Three Harvard scientists have published a study with the slightly mischievous title “Trigger warning: Empirical evidence ahead.”
The subject of trigger warnings, since they made their appearance on the academic (primarily collegiate) scene, has been vexed with controversy. The warnings were first developed to meet the needs of sufferers from post-traumatic stress disorder (PTSD). If someone with PTSD encounters the wrong stimuli, he or she can relive the original trauma.
Some college instructors have, in recent years, taken to putting warnings on their syllabi, or at the beginnings of their lectures, warning students that content may be disturbing. Critics of the use of trigger warnings have argued that it infantilizes students. College, which is meant to be a bridge to the adult world, instead teaches students not to learn to deal with challenging topics, the critics say.
In addition, critics say trigger warnings have been used to limit freedom of speech on campus and to enforce an agenda of political correctness.
Supporters of trigger warnings say it is ethically responsible to give students a simple warning about content. Many students have psychological issues that affect their performance or have suffered sexual trauma; instructors should be mindful of these students’ legitimate needs.

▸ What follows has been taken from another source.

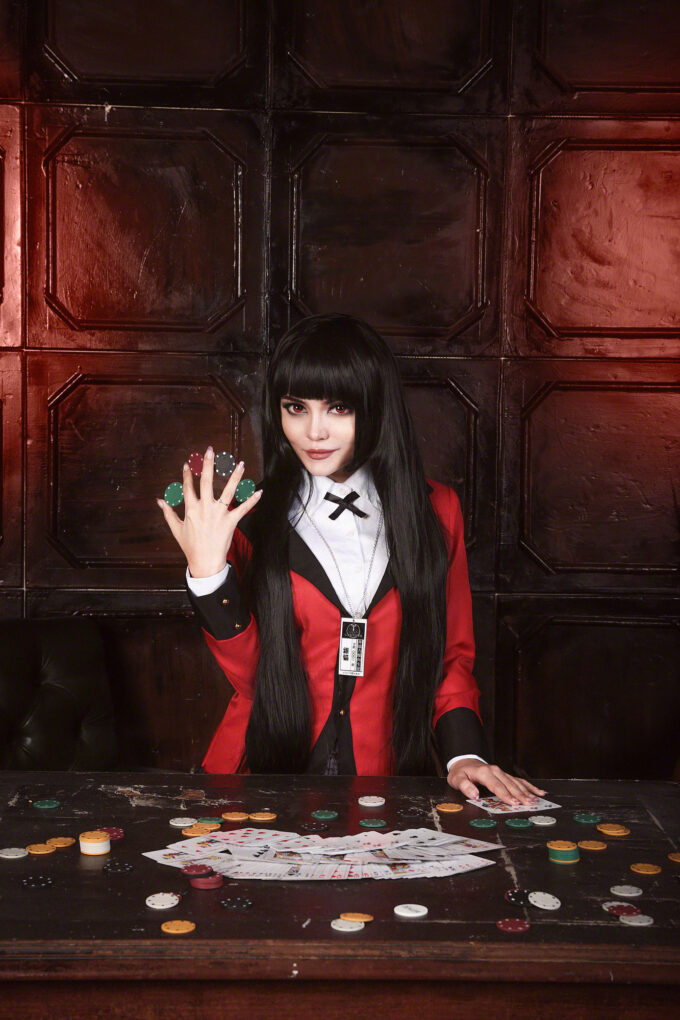 Yumeko Jabami – Kalinka Fox – Kakegurui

In the Harvard study, a group of non-traumatized individuals were randomly given trigger warnings before reading disturbing content.
The authors found the warnings paradoxically made individuals experience themselves as more emotionally vulnerable, increased the belief that trauma survivors are vulnerable, and made them more anxious about written material that is thought to be harmful.
The authors noted that more study is needed, especially with collegiate populations and those who have previously been traumatized.